As David Neiwart (who is -- to repeat -- the most careful and insightful analyst of the pseudo-fascism of the contemporary right) has emphasized, the fact that the current trends are something less than full fascism is not a recipe for complacency. Once a movement is a full-fledged fascist movement, it is (likely) too late to stop it. That Bush's supporters -- those willing to applaud our use of torture, to praise our gutting of the bill of rights, to call for prosecution as treason the reporting of secret and unchecked government programs, those who wish to write their religious beliefs into law -- are not yet an openly fascist movement simply means that it is not too late to stop them.
The most powerful and important genuinely conservative insight has been a suspicion of unchecked government power. To the degree that conservatives have been a vital part of our best historical tradition, it is because they have insisted upon this insight.
It is an insight that most followers of Bush have now simply abandoned -- that what is known as "conservatism" in this country only occasionally even pays lip service to any more. Now they are all about power -- their power. That, all factions of the contemporary right seem to agree on.
We must fight them while we can. After the next attack will likely be too late.
Update (07/03): Yesterday Michelle Goldberg made a variation of my argument in this post, talking about the rise of fascism-like thought in the U.S. She quotes Roger Griffin's The Nature of Fascism thus:
In its chrysalis stage fascism is but a publicistic and activistic (or 'agit-prop') phenomenon on the fringe of mainstream political culture and developments, condemned to lead a marginal existence in articles, pamphlets and books, often with negligible readerships and in the radicalism of ineffectual political factions... Even the progression to the columns of large-circulation newspapers and well-attended public meetings represents a quantum leap for the diffusion of fascism which is still far removed from nation-wide mass rallies, extensive paramilitary violence and the 'seizure' of state power.Goldberg then says that "American fascism has made this quantum leap", citing evidence similar to that which I cited above. She ends by saying that "while America remains long way from real fascism, fascism has come a long way in America".
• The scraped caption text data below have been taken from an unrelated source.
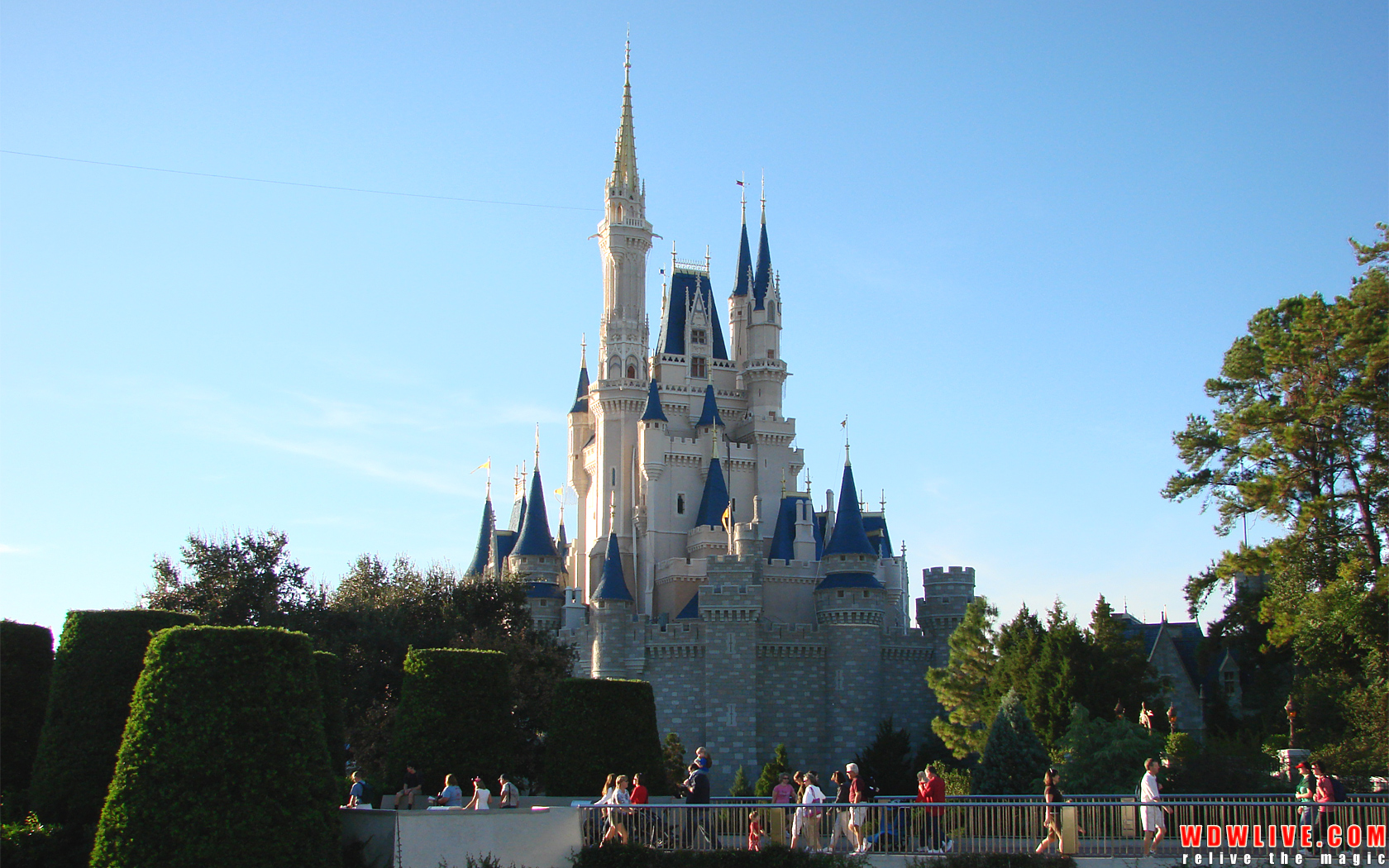 Cinderella Castle Desktop Wallpaper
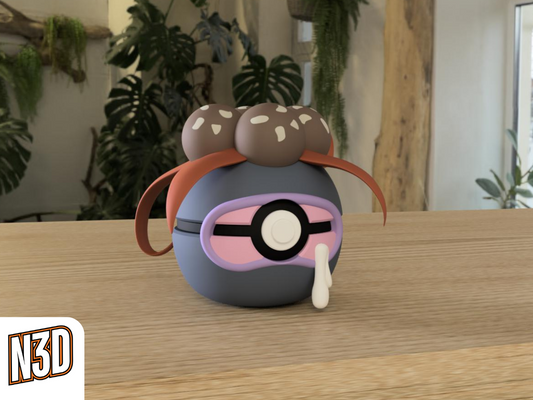 #0044 Gloom - Pokeball Collectible - 3d Printed Pokemon Decor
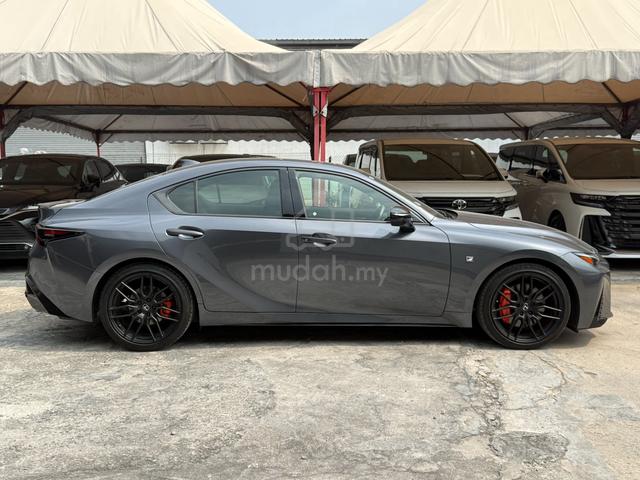 2023 Lexus IS300 2.0 F-SPORT MODE BLACK III SUNROF - 5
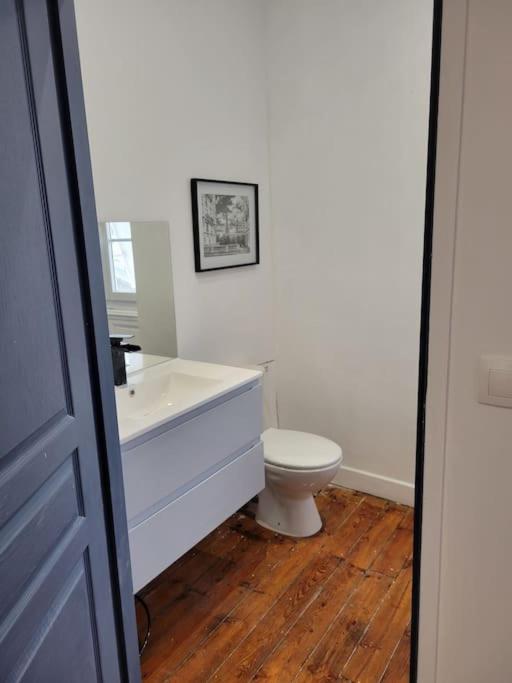 Appartement De Charme Avec Tomettes Et Parquet Graulhet 외부 사진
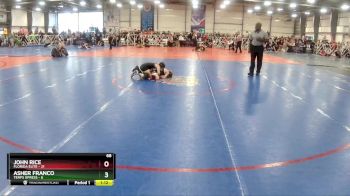68 lbs Rd# 1 9:00am Friday - John Rice, Florida Elite vs Asher Franco, Terps XPress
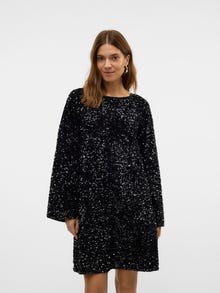 Vero Moda VMETTA Krátké šaty -Black - 10317153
Link via this post of David Neiwert, who has further thoughts on the recent escalation of eliminationist rhetoric from the right which are, as usual, well worth reading.
Update (07/05): The good news is that this topic seems to be spreading. In addition to the recent Michelle Goldberg essay which I linked to in the previous update, we have (via the ever-invaluable David Neiwert) the latest Gene Lyons column, where he says:
Reasonable people never want to believe that extremists believe their own rhetoric. But quit kidding yourselves. This is mass psychosis. The next terrorist strike, should it happen, will be blamed on the enemy within: treasonous “liberals” who dissent from the glorious reign of George W. Bush. Unless confronted, it’s through such strategems that democracies fail and constitutional republics become dictatorships.
The full essay can be found here. Note to trolls: if you want to reply, please note that Lyons is not saying that we live in a fascist state, or that the Republican party is a fascist party (nor is Goldberg, nor I). We are talking about spreading, and dangerous, ideas. If you want to disagree, at least disagree with what people are saying and not some barely-recognizable distortion thereof.